→ WORK ITEM: What is needed is a word-for-word copy of the lines below from the one with "Boss Sneakers met" through the one with "ریزش کوه در آزادراه تهران شمال", both included, with every picture left out.

→ PROVIDED INFORMATION:
===
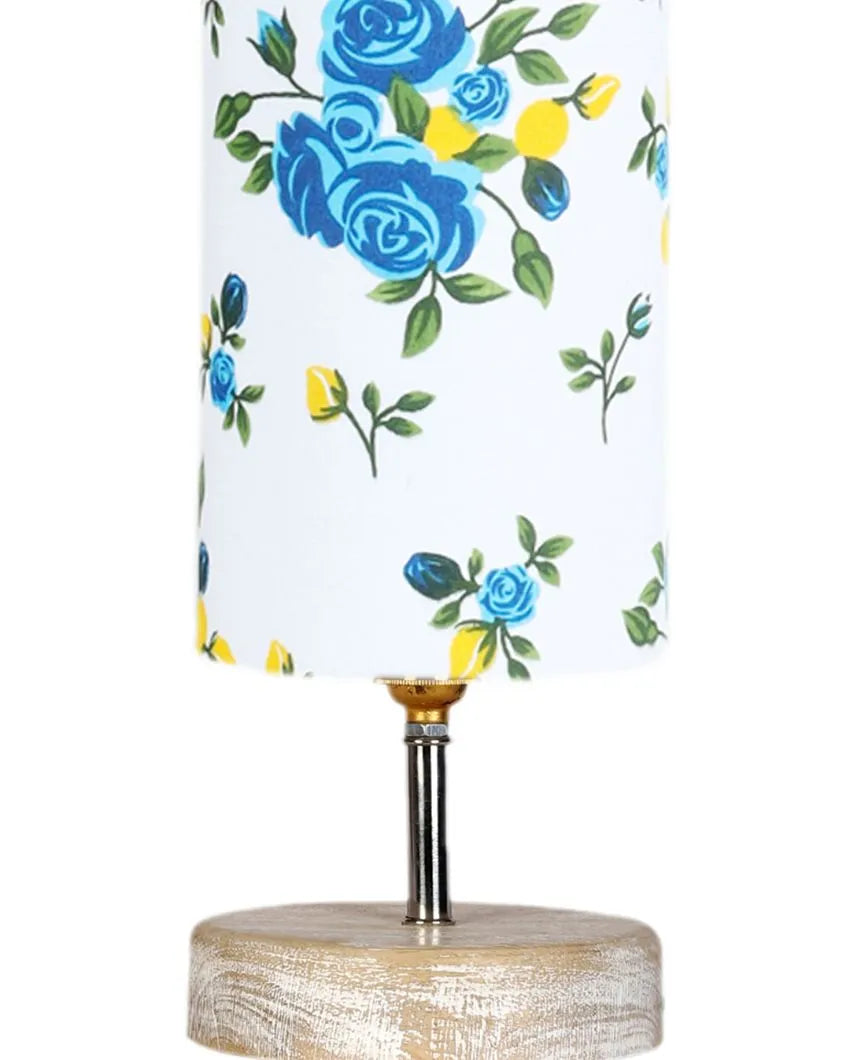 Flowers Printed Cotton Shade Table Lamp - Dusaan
===
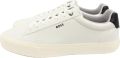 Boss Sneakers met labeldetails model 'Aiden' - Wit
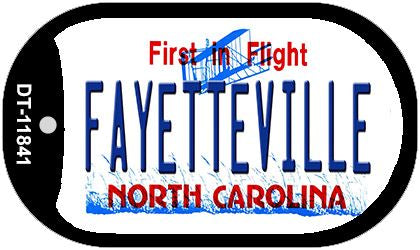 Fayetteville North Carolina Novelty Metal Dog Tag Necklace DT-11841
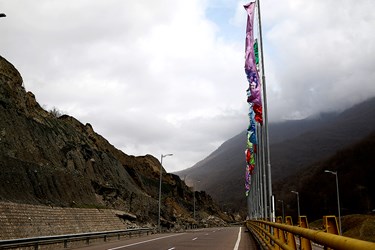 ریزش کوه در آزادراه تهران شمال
===
→ TASK RESULT:
 Boss Sneakers met labeldetails model 'Aiden' - Wit
 Fayetteville North Carolina Novelty Metal Dog Tag Necklace DT-11841
 ریزش کوه در آزادراه تهران شمال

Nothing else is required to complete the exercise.